Are they keen to start practising straight away? Head to the bottom of the page to find the activities. 

Now...onto the lesson!


What's It All About?

We all love to observe and investigate what is going on around us!

In this activity, you will use your maths skills to record and interpret data in a fun and practical way.

Have you ever wondered which birds or insects are most prolific in your garden or local park?

How hot does the weather really get in the summer months?

This is your chance to collect some data in a fun way on a family day out or just a lazy day at home enjoying some summer sun!


Year 5 Maths:

– Solve comparison, sum and difference problems using information presented in a line graph. 

– Complete, read and interpret information in tables. 


Year 6 Maths:

– Interpret and construct pie charts and line graphs and use these to solve problems.

– Calculate and interpret the mean as an average.



Why not keep a record of things you observe over the summer?

Ideas for things you could observe and collect information on at home or on family days out include:

1. Birds visiting your garden.

2. Wildlife spotted in your local park or forest.

3. Temperature at different times of day over a period of time.

4. Colours or types of car travelling on your road.

5. Creatures in rock pools, ponds or rivers.

6. Time spent doing hobbies over a week or two.

7. Rainfall (Hopefully this won’t be possible but you never can trust the Great British weather!).

8. Distances jogged, cycled or travelled in a car.

These are just some ideas … you could collect data on anything which interests you. 

You could collect your data in a range of fun and interesting ways too! Here are some ideas:

A) Tally Charts.

B) Photographic or Video Evidence.

C) Keeping a notebook or diary of summer observations.

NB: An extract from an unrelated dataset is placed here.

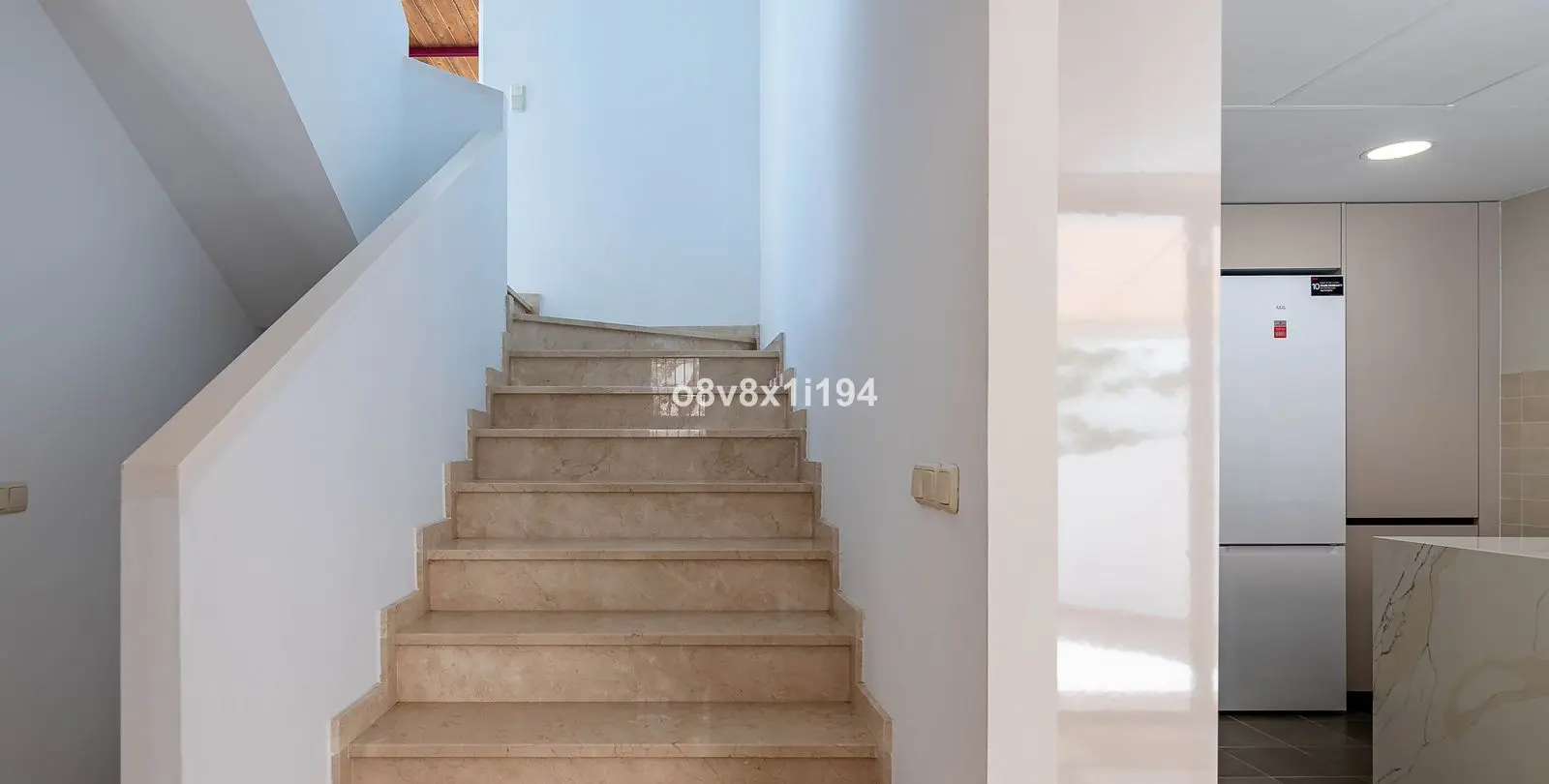 Venta de casa pareada en Casares 16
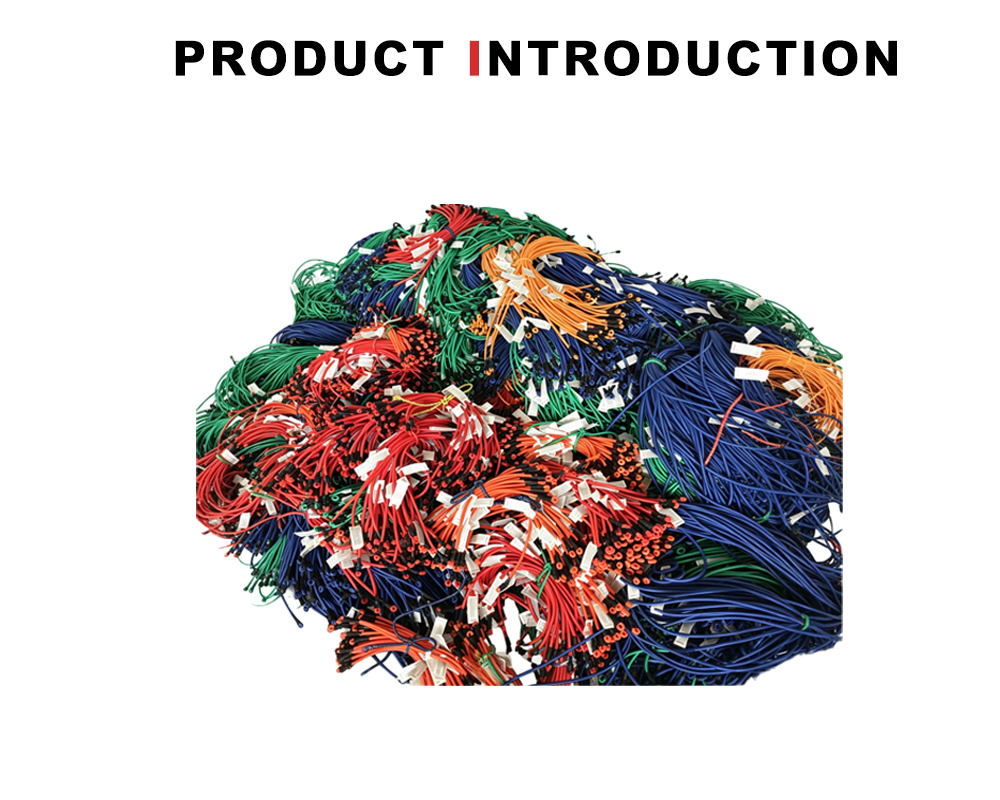 Assorted Elastic Bungee Straps Bulk Pack x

D) Using an app on your phone or tablet.

After you have collected your data, you might like to choose various ways to display it. Here are some ideas!


Teachers Tips:

Teacher Tip 1:

Use your data to make a pie chart using software commonly found on spreadsheet packages. You will need to enter your data into a chart before you can display it in a pie chart (or another graph of your choice). It can take some serious skill to get your graph or chart looking just as you want it and this is a great project to work on with a parent or older sibling. This is perfect for data about food or holiday choices or for a vehicle survey!

Teacher Tip 2:

Once you have collected your data you could make it into a line or bar chart. Using your line or bar chart, can you create a family quiz for everyone to take part in? Design some questions around the data shown on your graph or make some true or false statements to be sorted by teams in your family. The best interpreters will win! Bar charts work best for countable data such as bird species or hobby choices. Line graphs are a great choice for other data such as temperature changes or distance travelled. 

Teacher Tip 3:

If you feel like creating graphs and charts in a more practical way here are some more ideas. Create a pie chart using paper plates and collage materials to show your data. You could collect shells or pebbles on the beach and create a physical bar chart to show the range of sizes in centimetres or millimetres. Chalk on the patio or string and drawing pins on a noticeboard are great ways of displaying line graphs in a more creative way. 


Conclusion and Supporting EdPlace Activities

Once you’ve practised using your maths skills to collect and interpret data over the summer, try these EdPlace activities which all contain questions and challenges involving various 

All activities are created by teachers and automatically marked. Plus, with an EdPlace subscription, we can automatically progress your child at a level that's right for them. Sending you progress reports along the way so you can track and measure progress, together - brilliant! 



Activity 1 - Studying Line Graphs: How Many Bike Journeys?

In this basic level Year 5 worksheet, students read information from a line graph and answer questions about it. Perfect for if you are a little unsure about reading line graphs as this worksheet will help you build that skill.


Activity 2 - Studying Line Graphs: How Long is the Journey?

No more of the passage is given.